# Had a bad fight with my dad



## WTF Did I Do (Oct 12, 2011)

*Background*

When I was 20 I met the woman that would become my wife, she had a 14 month old son. It was a package deal and I never looked back. We got married, I officially adopted him and we’ve been a pretty happy family ever since. My parents always welcomed my family, my son especially with open arms.

Today I’m 40, my son is 20 (soon to be 21) and is leaving for school in in Florida. 3 or 4 weeks ago, my wife and I asked my dad if we could have a surprise birthday/going away party @ my mom and dad’s place and he agreed. We live a few miles from my parents and everything seemed cool until my dad started acting flakey about things. 

*Sunday (10/9)*

I was bringing food into the basement of the house and he was being belligerent (which he often is) and he kept asking me about how many people (he used the term MFs) were coming and for the 100th time I told him about 20 and to calm down and quit acting like an a$$hole. He began cursing at me and I don’t know what happened next, but I know that he pushed me as I was walking away and out of reaction I pushed him back and he fell down. I immediately knew that I was wrong and that I had screwed up. He was lying on the floor cursing @ me, I yelled back at him “he’s your grandson”, and my father looked at me and screamed “he’s not my ****ing grandson, he’s not **** to me **** you and him!” among other things. In the interim my mother had gotten between the 2 of us and was crying as I stood over my father. Those words triggered such hurt and anger in me that I kicked my father as he laid there. 

My dad got up and walked into another room as we yelled and screamed at one another while my poor mother cried and tried to make things better. And then my father returned with a huge knife and tried to stab me while my mother got between us. I was so mad that I wasn’t even scared of the knife as my dad tried, unsuccessfully to stab me. Somehow my mother got the knife away from my dad and held me back as my dad punched me in the face several times. Finally I walked away, until I heard him and my mom screaming at one another. Like an idiot, I walked back into the basement and sat on the stairs, my mom grabbed me because she was scared of what I might do to him. We’re both still furious and I’m yelling at my dad and he just walks up punches me in the face several times, causing me to bleed from my nose (at the bridge) and ear. My dad then told me that I was no longer his son and that if he ever saw me again he’d shoot me on sight (he doesn’t own a gun that I know of). After that I left and since then I have a tremendous feeling of guilt. 

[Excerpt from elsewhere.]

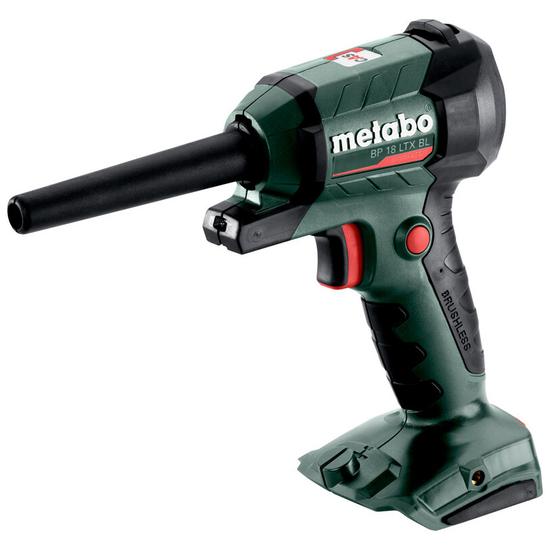 Metabo BP 18 LTX BL blæsepistol - 18 V, grøn (Solo)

I know that I was so wrong for everything. My dad now hates me and I’m so broken over this. I’ve spent the last few days crying over everything that happened because I know how volatile my dad can be and I just let things spiral out of control at every turn. Now there’s a huge rift in our family and I know that I’m the cause of it all. My mother is devastated and blaming my dad, but I keep telling her that to be there for him and I’ll be okay… How can I make this right? I’ve tried calling my dad but he won’t talk to me. What do I do?


----------



## Michelle27 (Nov 8, 2010)

I didn't want to just read and not say anything, but I wish I had better words to say. This sounds just heartbreaking and I don't know that there is going to be a way to connect with him until he has calmed down somewhat. I'm so sorry you went through this and while I don't condone what you did, I certainly can't stand behind what your father said and did either as being the "correct" things to do/say. How painful, and I have to ask..did your son hear those hurtful comments from your father, and how is he dealing with all of this too? 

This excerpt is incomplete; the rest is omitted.